Print every record below exactly as it stands, but leave out the pictures.

» Task material:
▼▼▼
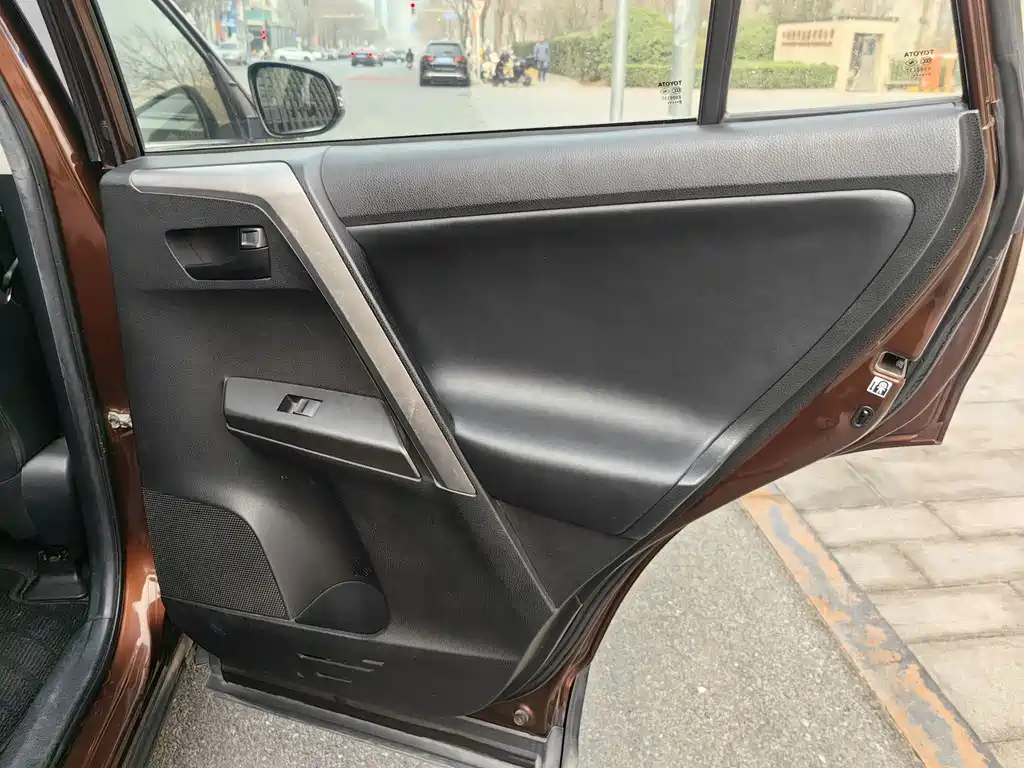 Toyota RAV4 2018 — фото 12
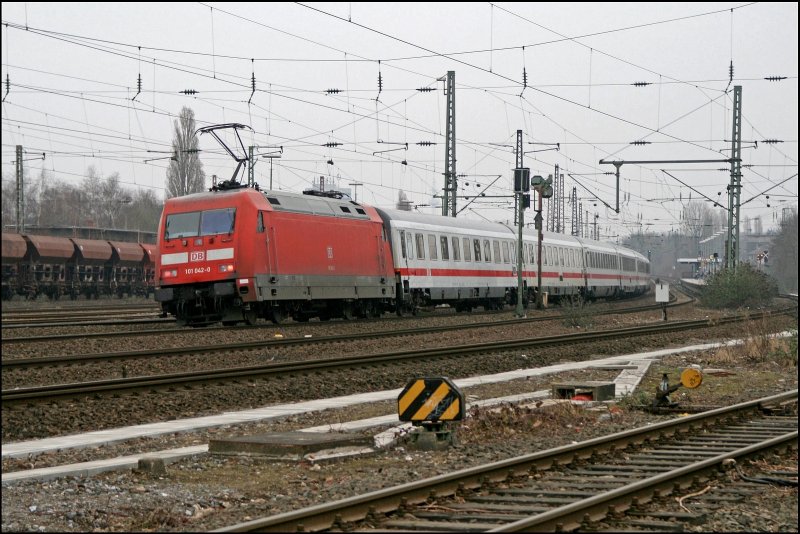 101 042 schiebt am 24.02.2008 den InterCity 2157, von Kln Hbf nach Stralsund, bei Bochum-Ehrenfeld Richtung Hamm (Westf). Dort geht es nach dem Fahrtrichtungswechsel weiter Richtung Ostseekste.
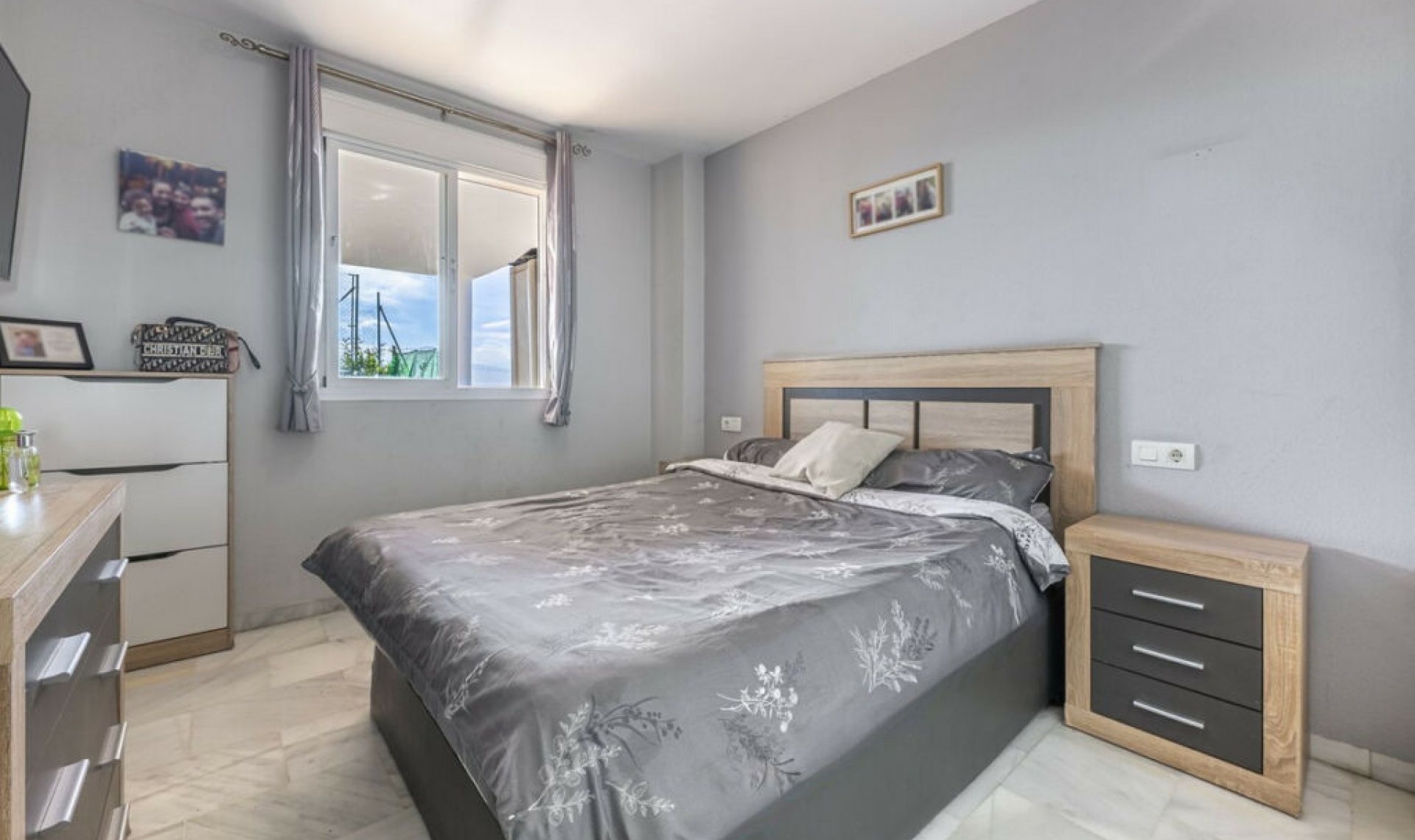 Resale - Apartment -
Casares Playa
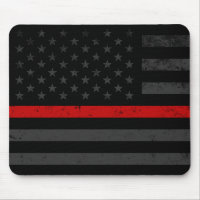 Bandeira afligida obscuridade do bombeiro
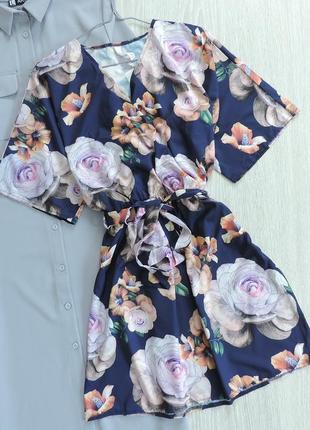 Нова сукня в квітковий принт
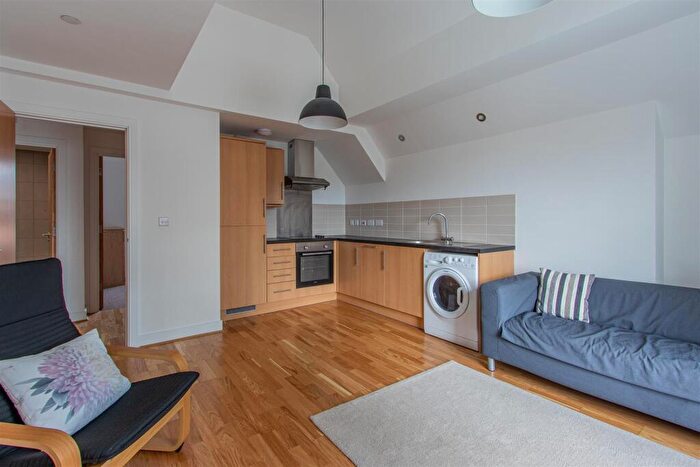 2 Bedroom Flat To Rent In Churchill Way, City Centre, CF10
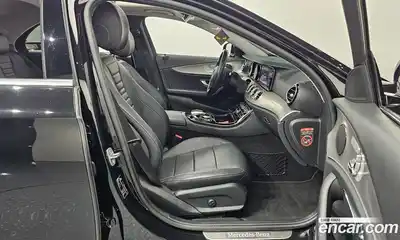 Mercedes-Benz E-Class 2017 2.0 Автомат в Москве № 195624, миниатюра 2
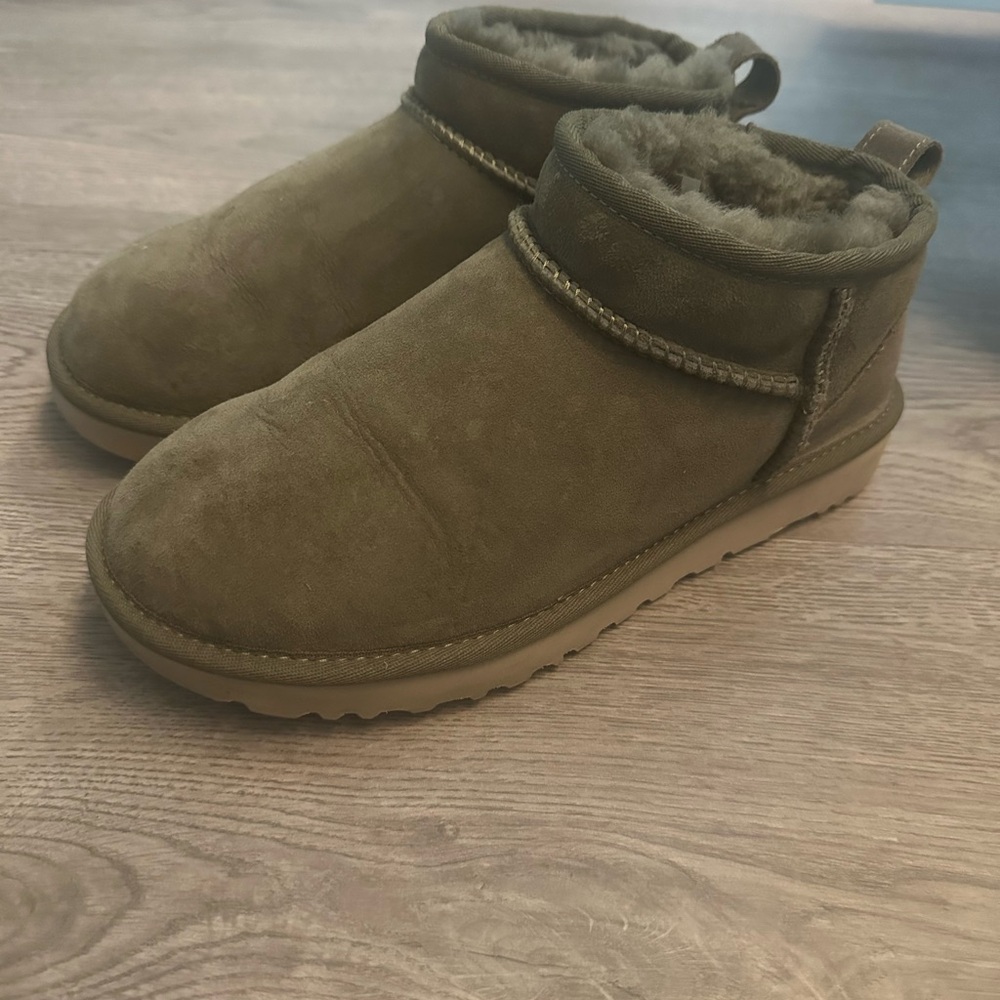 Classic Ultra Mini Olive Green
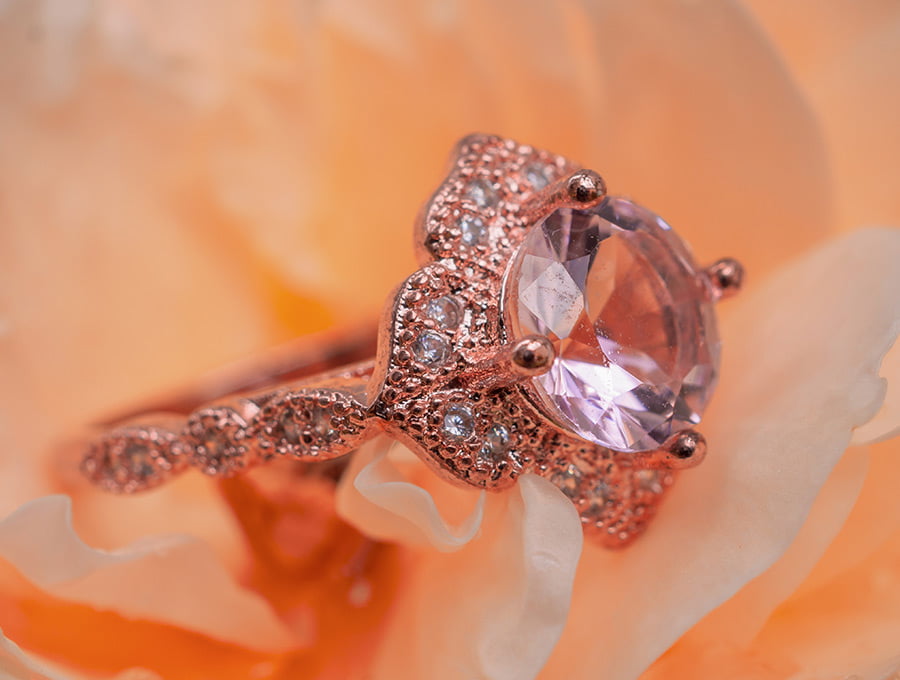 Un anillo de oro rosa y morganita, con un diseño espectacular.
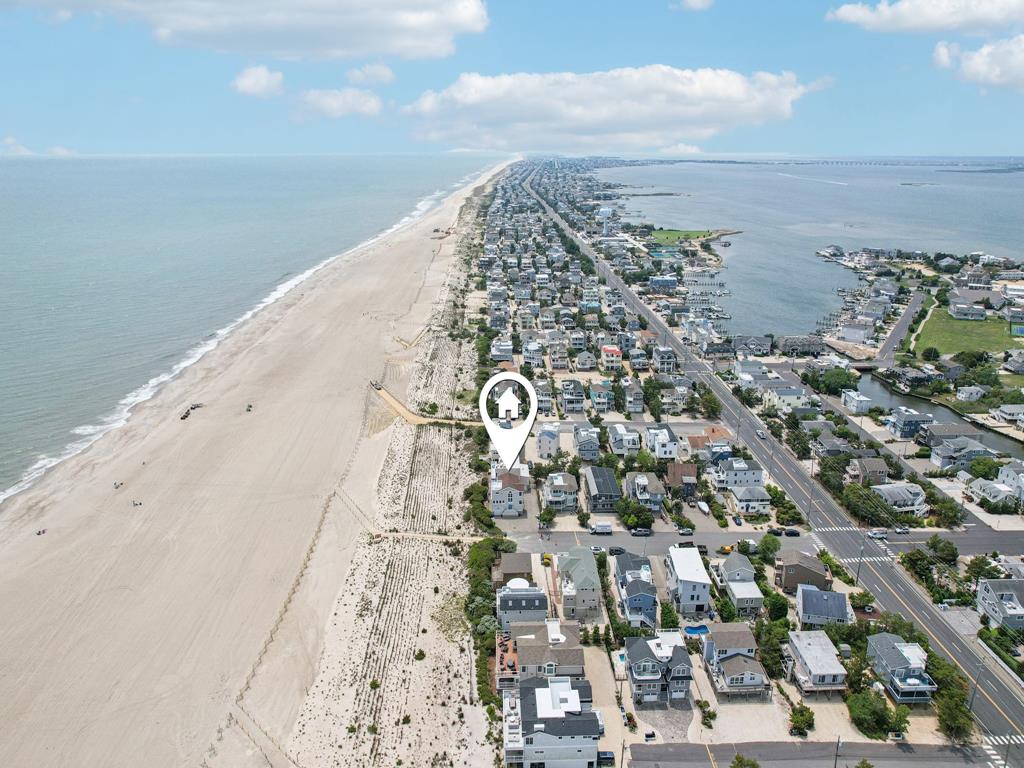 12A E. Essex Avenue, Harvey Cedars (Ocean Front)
▲▲▲
» The completed task:
 Toyota RAV4 2018 — фото 12
 101 042 schiebt am 24.02.2008 den InterCity 2157, von Kln Hbf nach Stralsund, bei Bochum-Ehrenfeld Richtung Hamm (Westf). Dort geht es nach dem Fahrtrichtungswechsel weiter Richtung Ostseekste.
 Resale - Apartment -
Casares Playa
 Bandeira afligida obscuridade do bombeiro
 Нова сукня в квітковий принт
 2 Bedroom Flat To Rent In Churchill Way, City Centre, CF10
 Mercedes-Benz E-Class 2017 2.0 Автомат в Москве № 195624, миниатюра 2
 Classic Ultra Mini Olive Green
 Un anillo de oro rosa y morganita, con un diseño espectacular.
 12A E. Essex Avenue, Harvey Cedars (Ocean Front)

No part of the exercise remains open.